Wednesday, 27 June 2007
Ballroom North (La Fonda on the Plaza)
Grant Branstator, NCAR, Boulder, CO; and A. Gritsun and A. J. Majda

For applications ranging from El Nino to global change, one would like to have a linear response operator that accurately estimates the atmospheric response to an arbitrary heating distribution. Given such an operator one can answer optimal forcing questions that cannot be addressed with complex models, including AGCMs. Unfortunately a simple linearization of the governing equations is not an adequate means of producing such a response operator because this leaves out important dynamical and diabatic processes. An alternative suggested by Leith (1975) is to employ the fluctuation-dissipation theorem (FDT) for construction of a response operator. This is the approach we use in this study.

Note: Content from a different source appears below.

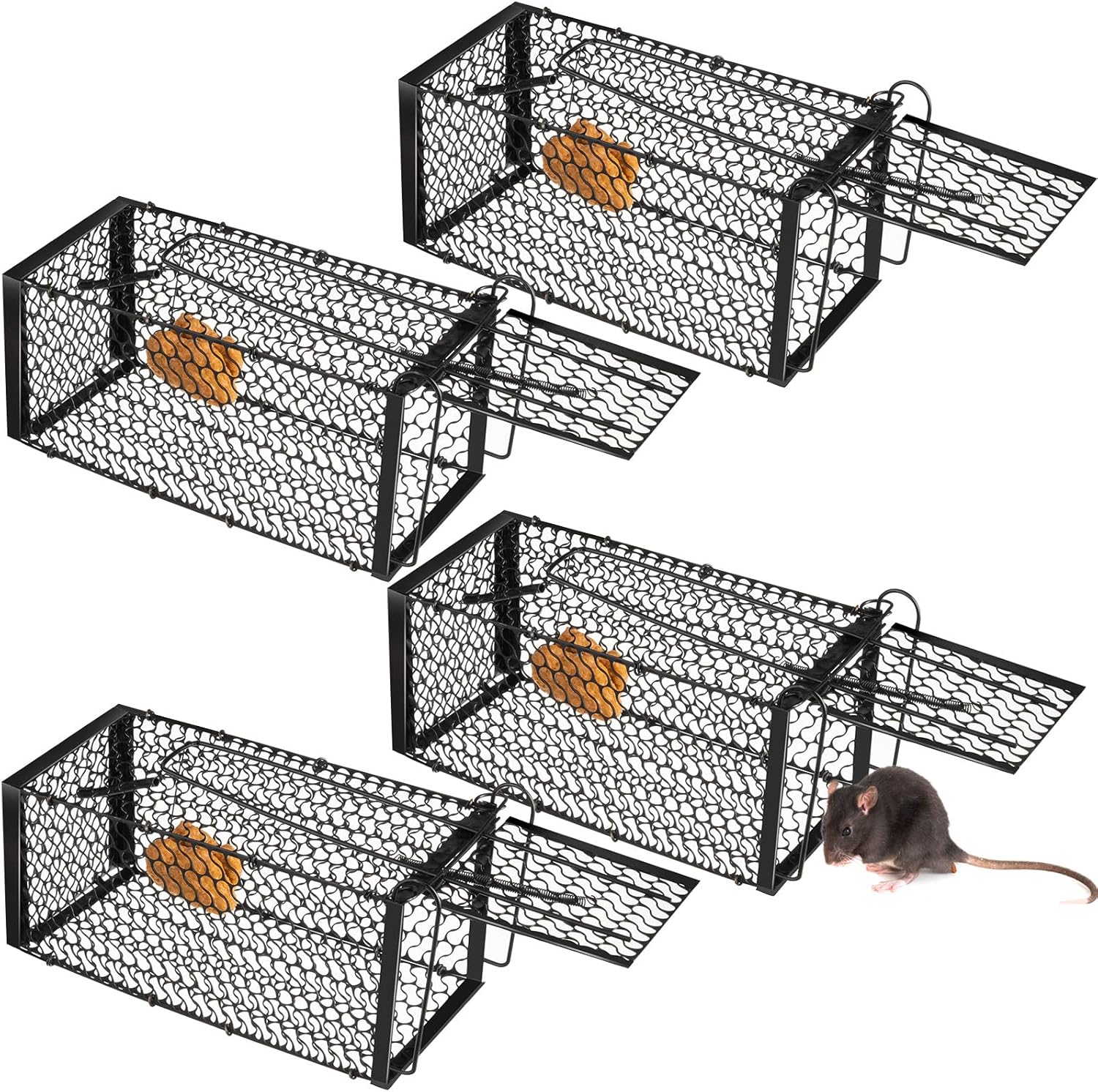 Humane Rat Trap Chipmunk Squirrel Rodent Trap Foldable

To test the approach, we use the theorem to construct a response operator designed to match the behavior of an AGCM. This operator gives the mean response of AGCM state variables to a steady forcing. We then compare the operator response and the AGCM response to identical forcing functions and find they are remarkably similar thus validating the methodology. The conventional FDT only allows one to estimate the response of mean state variables, but a recent generalization by Majda et al. (2005) enables construction of response operators for functionals of state variables. Using this generalization we produce response operators for variances and covariances and find they also give very accurate estimates of how the AGCM responds to tropical heating.

Having determined that the response operators for means, variances and covariances give reliable response estimates, we then use them to find optimal ways of forcing system properties of interest. For example, using singular vector techniques, we find the tropical heating distribution that has the largest impact on bandpass variance in the Atlantic stormtrack. And we find the Green's function that indicates how heating at each point in the tropics contributes to stimulation of the North Atlantic Oscillation.